- Illustration Le semis par drone prend son envol
« Piloter un tel drone, capable de semer ou d’épandre en emportant 10 kg de charge, ne s’improvise pas. La maîtrise des enjeux de sécurité notamment passe par une formation intense et contraignante », explique Stéphane Ballas, d’Ovalie Innovation.

Le semis par drone prend son envol

Dans le Sud-Ouest, la possibilité d’épandre ou semer par voie aérienne se concrétise. Une solution technique, polyvalente et à coût modéré, qui ne manque pas d’air.

« Il y a cinq ans, nous constations que le drone était utilisé en agriculture pour des activités de télédétection ou d’inspection, mais pas pour de l’épandage ou du semis  », raconte Stéphane Ballas, chef de projet chez Ovalie Innovation dans le Sud-Ouest. Cette filiale R&D des groupes coopératifs Vivadour et Maïsadour s’est alors lancée dans un travail  à grande échelle pour aboutir, aujourd’hui, à une application commerciale. « Dans notre région, la problématique est simple : le meilleur moment pour semer un couvert en maïs est la fin d’été / début d’automne, c’est-à-dire bien avant la moisson, quand la terre est chaude et l’irrigation encore en service. Mais à cette période, les parcelles ne sont plus praticables avec un tracteur et un semoir : les plantes au stade 8-10 feuilles atteignent 2,5 m de haut. » D’où l’idée d’apporter la graine en passant au-dessus de la végétation.  

Bien adapté aux petites graines

Ovalie Innovation a mené un intense travail en collaboration avec Reflet du monde, start-up bordelaise spécialisée dans l’univers de ces engins volants (conception, formation au pilotage, expertise). Ces années d’expérimentation et de développement, « d’apprentissage et parfois de galère », à partir de prototypes ont abouti à la mise au point du RDM-AG, seul drone agricole gros porteur épandeur homologué auprès de la Direction générale de l’aviation civile (juin 2020) en France. « Il est capable d’emporter 10 kg de charge pour un poids total au décollage de 25 kg ». Les tests réalisés au fil du temps ont montré que le semis par cet aéronef est bien adapté « aux petites graines implantées à 4 à 12 kg / ha type phacélie, luzerne, trèfle, moutarde, colza, vesce… » Exit donc la féverole par exemple. En moyenne, il est possible de prendre en charge 6 à 8 ha à l’heure. « C’est plus rapide pour un semis de trèfle à 12 kg/ha de semence qu’une moutarde à 4 g. »

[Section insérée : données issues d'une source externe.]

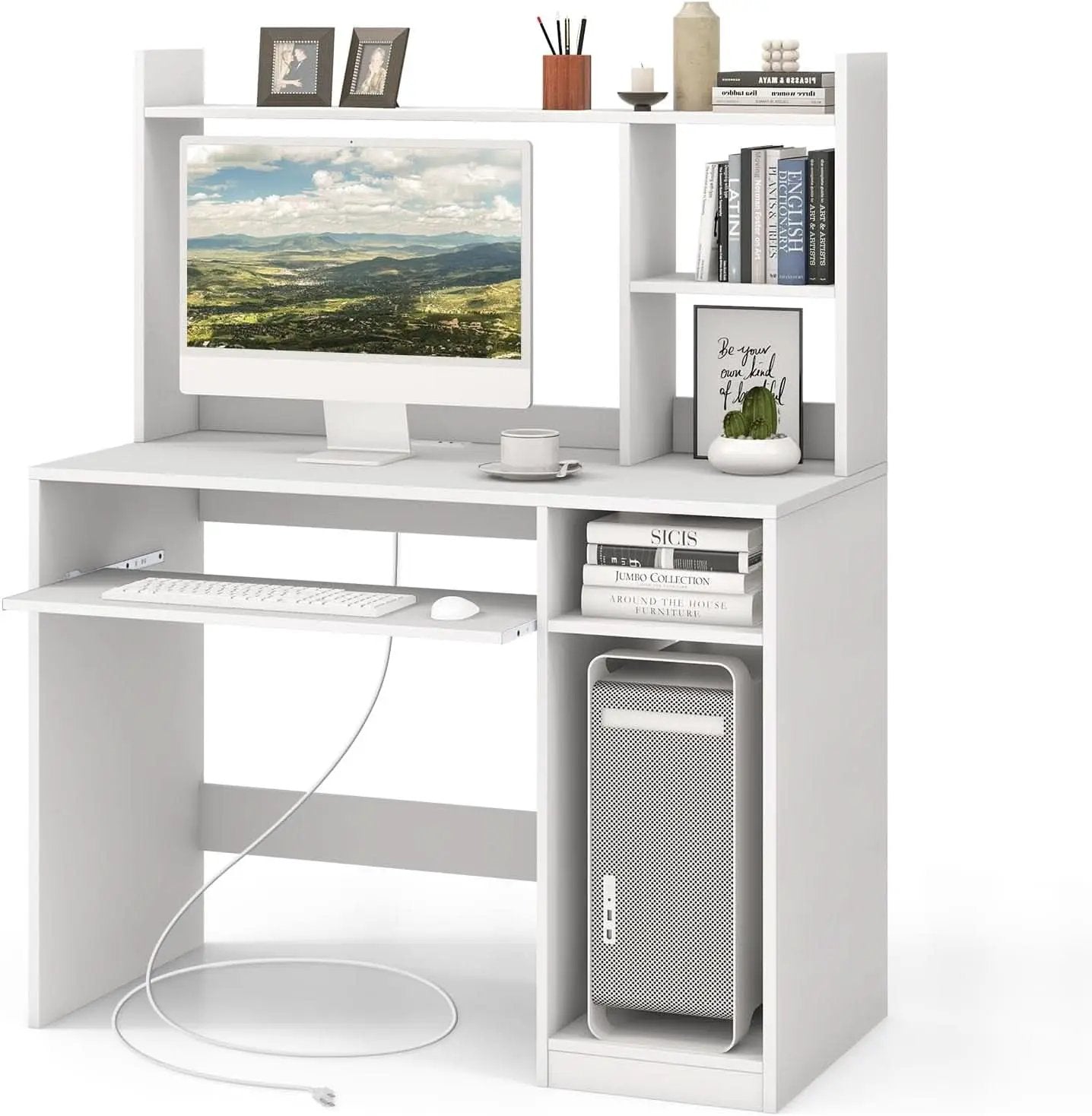 White Desk With Hutch And Charging Station For Home Office from PriceLows™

Semer sans compacter le sol

L’opération peut intervenir de fin juillet jusqu’à un mois avant moisson. « Il y a deux scénarios. Généralement, le drone intervient avant le dernier ou l’avant-dernier tour d’eau : l’irrigation va alors sortir les graines tombées dans les cornets et plaquer la semence au sol en faveur de la germination. Ou plus tard, quand le maïs commence à sécher, la lumière passe davantage vers le sol, mais il faut alors compter sur les orages pour stimuler la levée. » Grâce à ce semis précoce en sol réchauffé (et humide), le couvert est « très bien développé » à l’heure de la récolte du maïs grain sur octobre et novembre.

Et le drone a l’avantage d’être tout terrain : « Chez nous, des agriculteurs ont recours à la monoculture, mais la directive Nitrates impose impérativement l’implantation d’un couvert entre deux maïs. Fin 2019, alors que la pluviométrie a été exceptionnellement haute et que le risque de compactage du sol était trop important pour intervenir avec des engins, le drone a été appelé à la rescousse pour semer… »

Un prix compétitif pour un outil collectif

« Hors prix de la semence, le drone permet une prestation de semis à partir de 20 € / ha. Difficile de trouver plus compétitif pour implanter un couvert », apprécie Stéphane Ballas. Mais un agriculteur seul n’est a priori pas près d’investir dans un tel engin. « Si on cumule les prix de la machine et de la formation contraignante du télépilote qui passe par l’obtention d’un brevet d’état auprès de la DGAC et le suivi de modules spécifiques à notre activité agricole pour maîtriser un engin de 2 m de diamètre, nous estimons qu’il faut garantir 800 à 1 000 ha de travaux pour l’amortir. » Pour le développeur, cette solution clé en main se destine, avant tout, aux coopératives, sociétés de négoce, Cuma, Ceta, groupements d’agriculteurs et ETA…
Cette année, Ovalie Innovation devrait réaliser par drone l’épandage de trichogrammes sur 400 ha et semer 200 ha de couverts dans le Sud-Ouest, mais aussi pour un groupement de producteurs de la Meuse et la Chambre d’agriculture de Côtes d’Or.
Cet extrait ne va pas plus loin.